Speaking in the Houses of Parliament at the UK launch of the new Make Roads Safe report, Hamilton said: “I want to use my profile as world champion to do what I can to help raise awareness about global road deaths – and what can be done to prevent them. In the UK we have made great progress on road safety, but much more can be done. We need a global Decade of Action to cut the number of deaths by half. It is an ambitious vision, but not an impossible one. And it could help to save millions of lives.”

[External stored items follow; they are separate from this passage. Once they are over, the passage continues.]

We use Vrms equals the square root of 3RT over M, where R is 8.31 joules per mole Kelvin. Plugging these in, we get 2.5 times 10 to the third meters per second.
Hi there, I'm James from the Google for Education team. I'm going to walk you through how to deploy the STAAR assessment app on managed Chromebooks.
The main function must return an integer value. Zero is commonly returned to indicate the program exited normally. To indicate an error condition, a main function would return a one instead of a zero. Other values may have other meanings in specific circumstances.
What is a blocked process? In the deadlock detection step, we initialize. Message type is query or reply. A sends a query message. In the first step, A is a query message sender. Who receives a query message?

Lord Andrew Adonis, the new UK Secretary of State for Transport, pledged the UKs support for the proposed Decade of Action and promised a high level UK government presence at the forthcoming Moscow Ministerial. “I will be discussing with my colleague Douglas Alexander, the International Development Secretary, about these issues”, he promised, describing the scale of global road fatalities and injuries as ‘intolerable.
Versions of UK Prime Minister Gordon Brown and US President Barack Obama (and his predecessor) appeared courtesy of impressionist and comedian Rory Bremner, who added an irreverent, but ultimately serious, tone to the meeting. Bremner, who stars in a popular political satire show on British television, called on the audience of MPs, parliamentary staffers and road safety campaigners to do all they could to support the campaign.

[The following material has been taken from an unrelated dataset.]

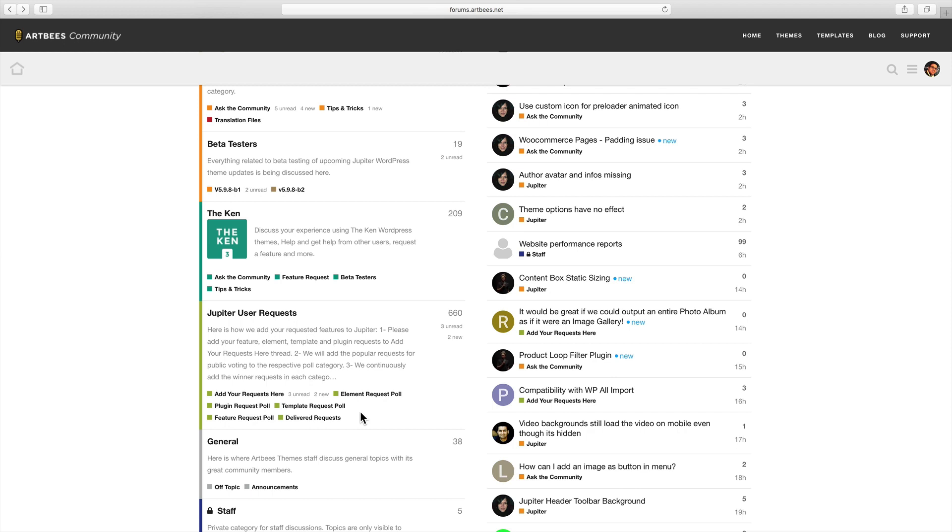So that's a brief overview of how Artbees forum works. We can't wait to see you there. Have a nice time and see you soon!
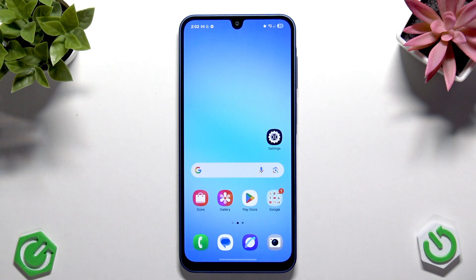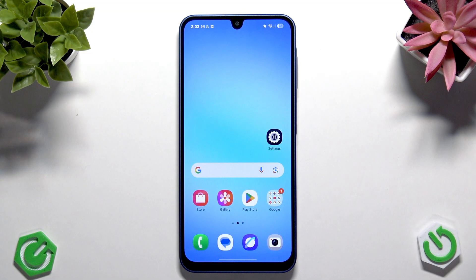Hi everybody, welcome back to the Hardware Study Info channel. Today I'm going to tell you how you can easily enable Dolby Atmos on your Samsung Galaxy A17 for better sound.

Lewis Hamilton, Lord Adonis and Rory Bremner then joined children from a local school to sign up to the ‘Call for a Decade of Action for Road Safety.
The campaign launch was organised by the FIA Foundation, the Parliamentary Advisory Committee on Transport Safety (PACTS) and the Institute for Public Policy Research (IPPR). The FIA Foundations Director General David Ward opened the meeting by remembering two young friends in their early twenties, Amelia Zollner, an employee of the IPPR and Rosie Wright, the daughter of an FIA Foundation staff member, who were killed within days of each other while cycling in London and provided the motivation for IPPR and the FIA Foundation to work together on road safety. Summarising the findings of the new WHO Global Status Report on road traffic injuries, published the day before, David Ward commented: “We welcome the UK Governments proposals to make Britains roads the ‘safest in the world. This vision must also include a commitment to do much more to share the UKs knowledge and expertise with the developing countries where road deaths are increasing rapidly.”
Carey Oppenheim, IPPR Co-Director said: “We have a good record on road safety in the UK, but we know we must not be complacent. Other leading governments are taking the agenda forward globally and we must also make a strong commitment to the ‘Decade of Action.”
The Make Roads Safe launch also heard from Peter Bottomley MP, co-chair of PACTS and a former road safety minister credited with introducing casualty targets in the UK in the 1980s, and Louise Ellman MP, Chair of the Transport Select Committee in the House of Commons. PACTS Director Rob Gifford closed the meeting by urging greater support for the Make Roads Safe campaign. Campaign supporters in the UK include the Automobile Association, road safety charity Brake, British Red Cross, Living Streets, Oxfam, Roadsafe, the Royal Society for the Prevention of Accidents (RoSPA) and UK Youth.